В кухню возвращается сестра. Филипп ставит на печь чайник. Выходит курить.

— Мы с родственниками других пленных пошли в администрацию президента, — говорит она. — Нас посадили в комнате, и мы там сидели, ждали весь день. Люди уже матюкаться начали — «Чего мы тут ждем? За кого мы голосовали? К нам никто не выходит!». Тогда до нас приехала СБУ. Там был один человек, он нам помог связаться с Рубаном. Вот за кого треба молиться. Он сказал: «Я вам помогу их вытягнуть. Все сделаю, что можно». А в тот день, когда Филиппа освободили, зазвонил мой телефон. Муж рядом с трубкой сидел, говорит: «Тебе какой-то Филипп звонит». Я говорю: «У меня только один Филипп». И не знала, что делать — как трубку поднять?

— Вы боялись, что вам скажут плохое?

— Уху, — выдыхает она и плачет. — Он сказал: «Все нормально. Меня везут. Если через три часа не объявлюсь, значит, все плохо». Я больше не могла ничего делать, только на часы смотрела. А он давал гудок и отключал телефон. Так я понимала, что все добре.

— Послухай!

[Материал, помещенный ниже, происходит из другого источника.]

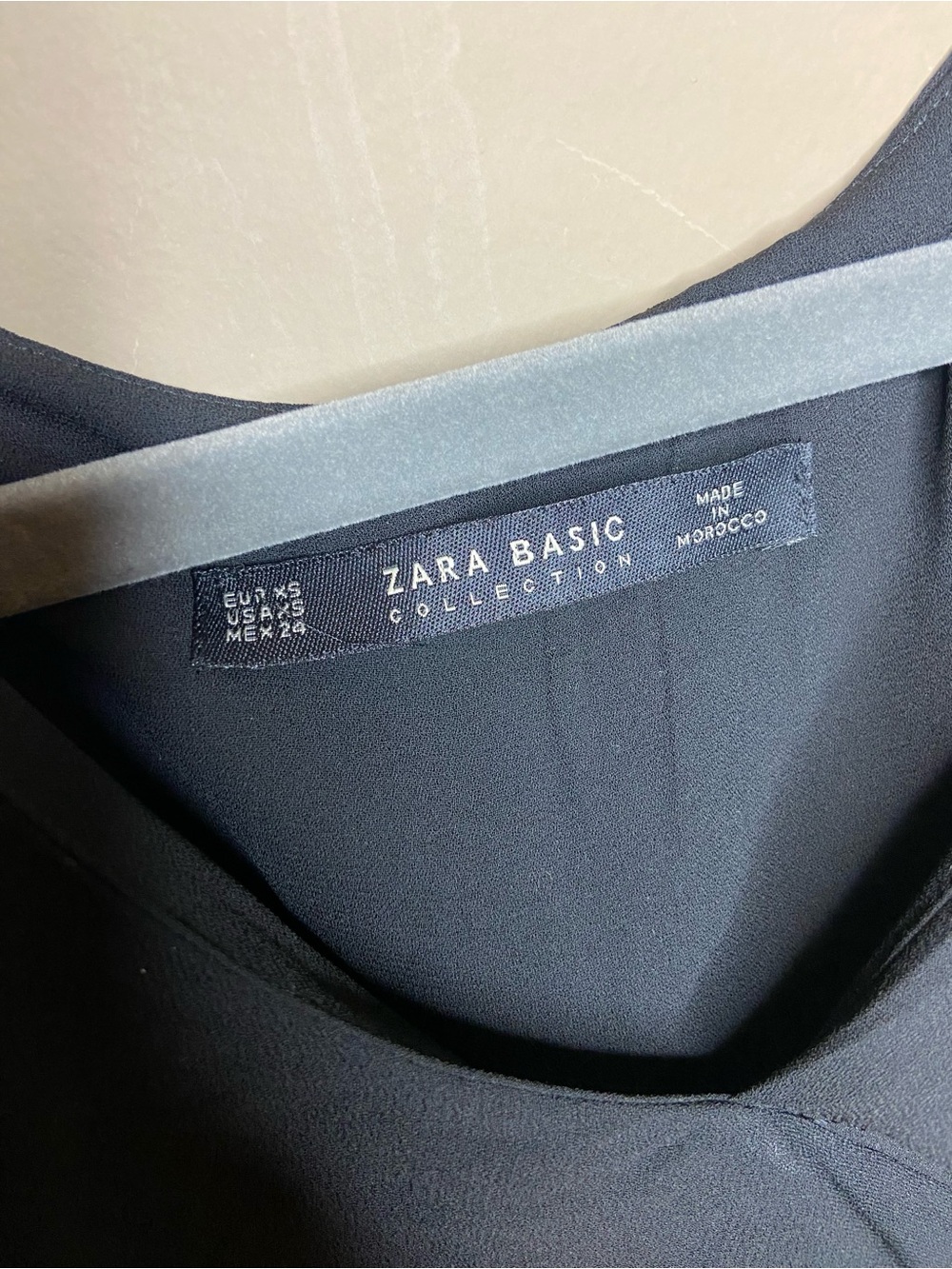 Zara Basic Ruffle Tank Top - Picture 3 of 3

Я думала, цыпленок пропал! — В комнату входит мать. — Захожу к курам, его нема. Он из окна выпал. Нашла его и в клетку посадила, чтобы птицы не клевали. Филипп уже в плену был, когда у нас в гараже птахи яйца снесли, — говорит мне. — Птенцы вылупились, птахи улетели, а я уезжала и дверь в гараж закрыла. Вернулась, и как же страшно кричали они! Боже, боже, подумала я, и Филипп — в плену! Открыла им двери, — она распахивает руки. — Залетайте, спасайте своих детей! И пусть Бог мне поможет спасти моего сына!

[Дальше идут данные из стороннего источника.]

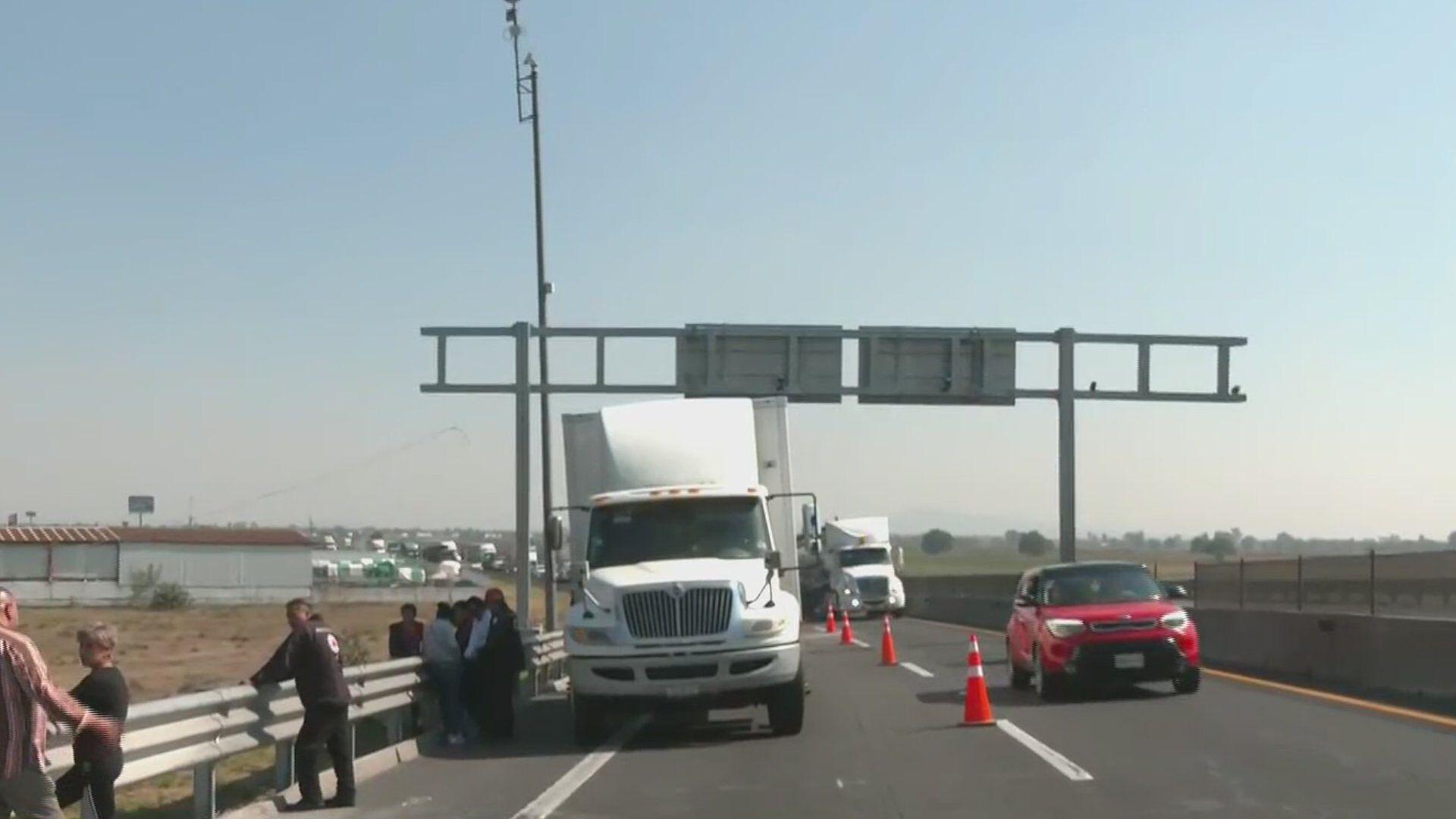 Choque Múltiple En Circuito Exterior Mexiquense Provoca 8 Kilómetros De ...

Филипп переодевается в форму пограничника. Семья выходит во двор. Слепой лысый цыпленок стоит в клетке, поджав лапу, трясущуюся то ли от холода, а то ли от страха.

— Шкода его, — говорит Филипп.

— Почему?

— Откуда я знаю? Просто шкода.


Ростов‑на-Дону. Улица Горького, дом номер двести тринадцать. Из высоких окон, одетых в деревянные голубые рамы, видны ветки акации. Широкая пышная крона одевает его весь зеленой крышей. Адвокат Лившиц хватается за нижнюю перекладину окошка, подтягивается и заглядывает внутрь. Но слишком высока и сильна акация, пустившая корни посреди какой-то из комнат. Здесь давно никто не живет. Здесь давно не живет Дмитриенко. От дома двести тринадцать остались лишь внешние стены, которые тому, кто не знает истории еврейской женщины и ее детей, не скажут ни о чем.